Anche la permuta definita dal codice civile all’art. 1552 come “il contratto che ha per oggetto il reciproco trasferimento della proprietà di cose o di altri diritti, da un contraente ad un altro”, non appare del tutto idoneo a disciplinare il contratto di dati; l’utente infatti nei contratti di dati non trasferisce la proprietà dei propri dati personali quanto piuttosto ne consente l’accesso ed il trattamento alla controparte contrattuale.
Si potrà quindi pensare ad un contratto “atipico” ovvero ad un contratto che non appartiene ad una fattispecie determinata, ma che è comunque diretto a realizzare interessi meritevoli di tutela secondo l’ordinamento giuridico.

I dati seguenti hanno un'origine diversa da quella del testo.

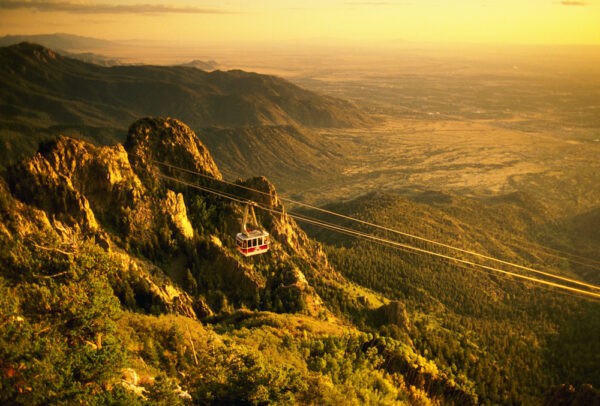 Развлечения в высокогорной пустыне в Альбукерке
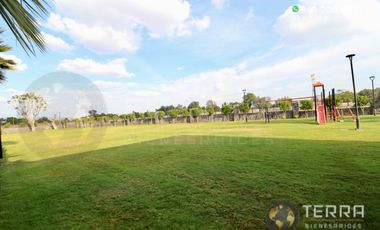 SE VENDE CASA DE LUJO EN CASTELA RESERVA RESIDENCIAL SALIDA SAN MIGUEL DE ALLENDE  EN CELAYA GTO.  Casa en esquina de 3 Pisos con 3 Habitaciones y Cad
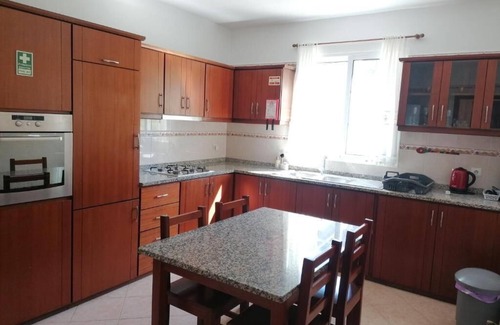 Tabua Cottage | Shelter on the Hill.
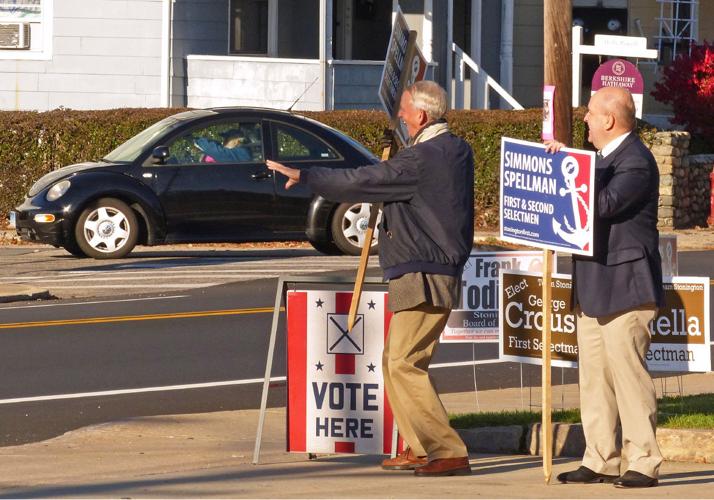 STONINGTON ELECTION CENTRAL Simmons wins first selectman’s race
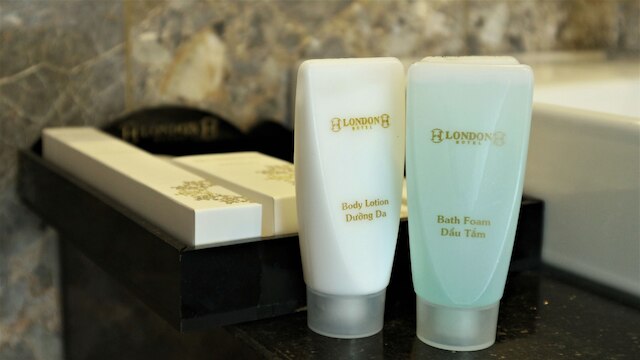 ロンドン ハノイ ホテル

Proprio perché si tratta di un contratto atipico, appare assolutamente rilevante (sia per ragioni di trasparenza che per ragioni di valore giuridico) che il contratto stesso sia disciplinato in modo esaustivo nelle Condizioni generali di contratto che il prestatore di servizi digitali sottoporrà all’utente, tenendo ben a mente due concetti
- certamente il contratto di dati rientra nell’ambito della disciplina consumeristica e, se concluso tramite i servizi della società dell’informazione, in quella specifica delle vendite a distanza: andranno quindi applicate le relative discipline del Codice del Consumo
- il consumatore dovrà essere reso edotto del fatto che il servizio o il contenuto digitale NON sono affatto gratuiti, in quanto la “controprestazione” è data appunto dal rilascio dei dati e dall’autorizzazione al loro utilizzo commerciale.
Questi due punti trovano conferma certa non solo nella disciplina delle Direttive del 2019, il cui recepimento è previsto entro l’anno, ma anche dalla recente sentenza del Consiglio di Stato (Facebook vs AGCM n. 2630 del 29/3/2021), in cui i giudici affermano l’ingannevolezza e la scorrettezza commerciale di FB insita nel presentarsi agli utenti come gratis mentre, in realtà, si fa pagare in dati personali che sfrutta poi nella dimensione commerciale.